In other words, doctors sitting in front of patients don’t usually try to guess the probability of outcomes over the next few years, but rather try to determine what the key steps patients take next? For example, even if AI is lowly likely to determine cancer based on mammograms in certain situations, patients will still expect their doctor to make a mistake and prescribe a biopsy to ensure safety without regret. They are likely to appreciate this caution.
The scientists wrote in their concluding section that although AI had found missing cases by doctors, several cases of cancer diagnosed by doctors had been ignored by AI. This was particularly evident in the additional “reading study”, in which six human radiologists looked at 500 cancer screenings. The researchers found that “all six radiologists missed cancer samples that were correctly identified by the AI system” and that “all six radiologists found cancer samples that were missing from the AI system.” “
Some disturbing, the authors write, are not entirely clear about why AI succeeds or fails in each case. “While we are not in a position to establish a clear pattern in these circumstances, the existence of this marginal condition suggests that AI systems and human doctors may complement each other in reaching accurate conclusions,” they said. “
To be sure, one wants to know more about how these three deep learning neural networks make probability guesses. For example, what do they see? The problem, which is what neural networks represent, is not addressed in the study, but it is a critical one for AI in such a sensitive application.
To sum up, one of the big questions we face is how much effort should we do to develop a system that can predict the probability of future cancer development more accurately than many doctors who have to make a preliminary assessment? The value of helping doctors use AI will be very high, even at this point AI cannot really replace doctors.

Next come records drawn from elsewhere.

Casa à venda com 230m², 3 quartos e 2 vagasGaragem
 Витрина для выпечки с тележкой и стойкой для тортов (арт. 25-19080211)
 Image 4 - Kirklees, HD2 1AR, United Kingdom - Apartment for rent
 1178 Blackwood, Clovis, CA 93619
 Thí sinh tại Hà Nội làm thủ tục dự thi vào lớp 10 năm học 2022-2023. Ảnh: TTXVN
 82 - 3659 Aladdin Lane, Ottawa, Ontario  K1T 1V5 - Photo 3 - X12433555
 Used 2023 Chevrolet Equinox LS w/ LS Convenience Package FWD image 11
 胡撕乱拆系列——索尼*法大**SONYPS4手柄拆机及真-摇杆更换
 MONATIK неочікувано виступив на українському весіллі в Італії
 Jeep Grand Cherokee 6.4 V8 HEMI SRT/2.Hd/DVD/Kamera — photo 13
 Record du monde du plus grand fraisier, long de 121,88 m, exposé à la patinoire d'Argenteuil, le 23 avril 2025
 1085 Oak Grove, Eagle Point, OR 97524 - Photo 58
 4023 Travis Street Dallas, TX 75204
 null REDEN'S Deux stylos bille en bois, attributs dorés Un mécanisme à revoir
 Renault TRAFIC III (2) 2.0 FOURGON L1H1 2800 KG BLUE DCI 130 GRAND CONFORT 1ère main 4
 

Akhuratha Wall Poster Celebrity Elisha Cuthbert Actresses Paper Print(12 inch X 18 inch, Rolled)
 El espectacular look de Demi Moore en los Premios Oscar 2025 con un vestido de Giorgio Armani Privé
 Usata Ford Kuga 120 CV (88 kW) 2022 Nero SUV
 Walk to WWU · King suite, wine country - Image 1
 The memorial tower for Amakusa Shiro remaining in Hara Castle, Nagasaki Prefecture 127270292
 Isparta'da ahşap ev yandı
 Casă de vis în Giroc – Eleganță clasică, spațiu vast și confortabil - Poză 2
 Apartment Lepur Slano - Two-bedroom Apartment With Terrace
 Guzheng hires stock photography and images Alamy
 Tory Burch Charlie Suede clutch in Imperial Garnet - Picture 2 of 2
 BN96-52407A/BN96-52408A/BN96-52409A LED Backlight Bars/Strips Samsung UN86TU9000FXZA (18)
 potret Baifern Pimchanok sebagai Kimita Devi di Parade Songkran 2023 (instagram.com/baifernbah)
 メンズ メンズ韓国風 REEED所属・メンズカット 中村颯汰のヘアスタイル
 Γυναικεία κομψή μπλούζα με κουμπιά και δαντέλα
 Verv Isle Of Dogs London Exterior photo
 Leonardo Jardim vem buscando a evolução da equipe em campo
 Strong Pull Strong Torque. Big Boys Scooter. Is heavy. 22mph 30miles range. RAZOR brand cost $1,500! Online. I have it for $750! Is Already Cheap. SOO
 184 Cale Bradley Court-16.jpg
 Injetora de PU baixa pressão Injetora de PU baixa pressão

Incidentally, the study looked at both The UK and US data and came up with confusing findings about comparing the quality of the health care system. Overall, a preliminary review of the tests showed that British doctors appeared to be significantly more accurate than in the US, and they correctly concluded that something would prove to be cancerous.
Given the differences in the data set used, i.e. 13,981 women in the UK come from three hospitals, while only one hospital in the US provides 3,097 people, it’s hard to know how to get these different results. Obviously, as interesting as AI is, there are also differences in the relative abilities of doctors in these two different medical systems.